# :VIDEO: Green Dragon Plakat



## MettaBettaKnight (Oct 25, 2015)

Hi Betta people, I'm new here. I just got back into the hobby a couple months ago. Just wanted to show my Betta and see what you guys think, is he show worthy? 

https://www.youtube.com/watch?v=_1dkmItpa14


----------



## BlueInkFish (Jan 13, 2013)

I don't know much about hmpk form and finnage, but I'd like to say he is quite the looker!

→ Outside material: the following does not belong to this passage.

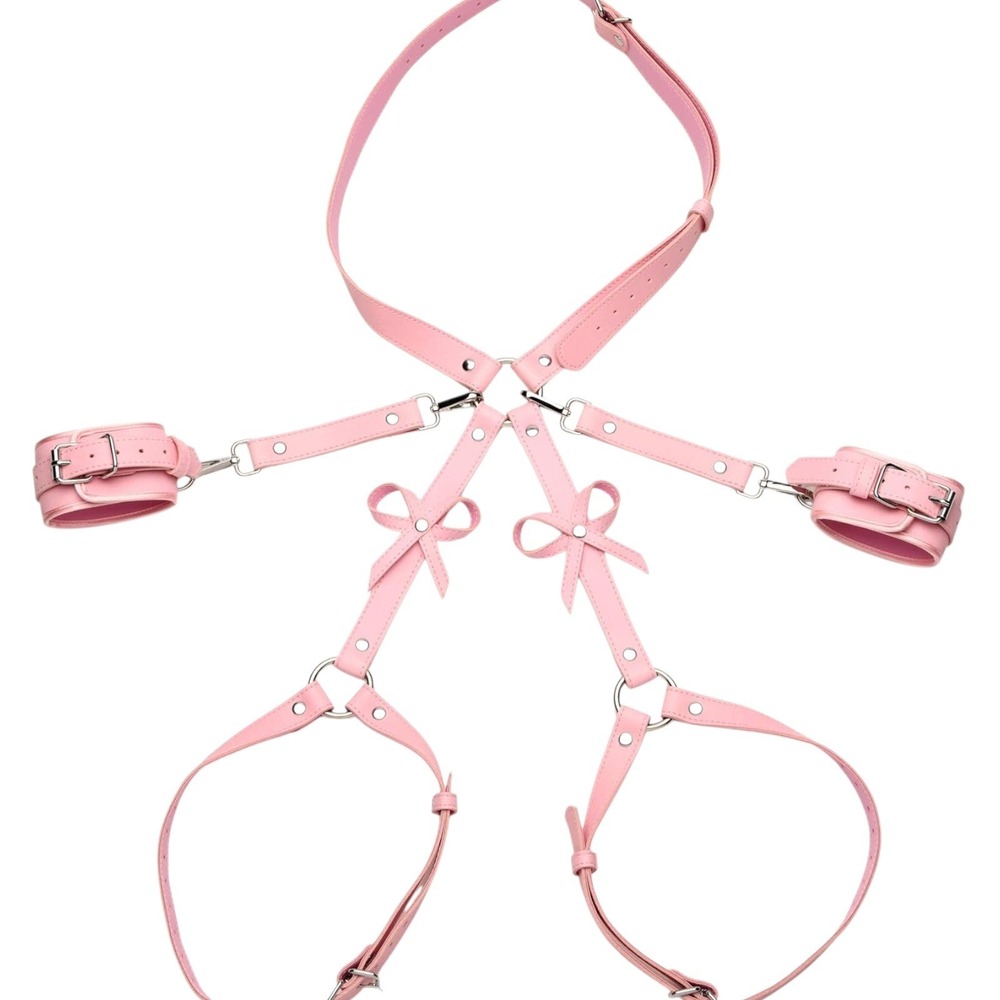 Bondage Pink Faux Leather Bow Harness Set w Leg Garters & Wrist Cuffs Adjustable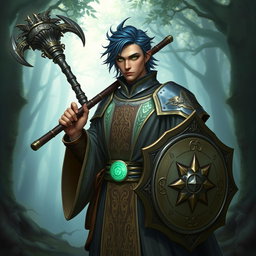 A male aasimar cleric with bronze skin, dark blue hair, and ghostly green eyes stands confidently, wielding a flail and a shield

May I ask, what brand of tank is that? I love the shape and appearance of it! I'm considering buying one of those exact tank dimensions. Interesting! Please let me know where you got yours! I'd love to buy one as soon as possible ;-)


----------



## MettaBettaKnight (Oct 25, 2015)

Hi, the brand is Do!Aqua, a subsidiary of the brand ADA(aqua design Amano).
The tank is a 45F. You can check it out and purchase one from here:http://www.adana-usa.com/index.php?main_page=product_info&cPath=65_101&products_id=808#prettyPhoto

And if you want to pay a higher price you can get the high clarity ADA-45F: http://www.adana-usa.com/index.php?main_page=product_info&products_id=277#prettyPhoto

They also carry the larger 60F. Other vendors carry the 90F 120F 170F etc. but those are harder to source and much more expensive.


----------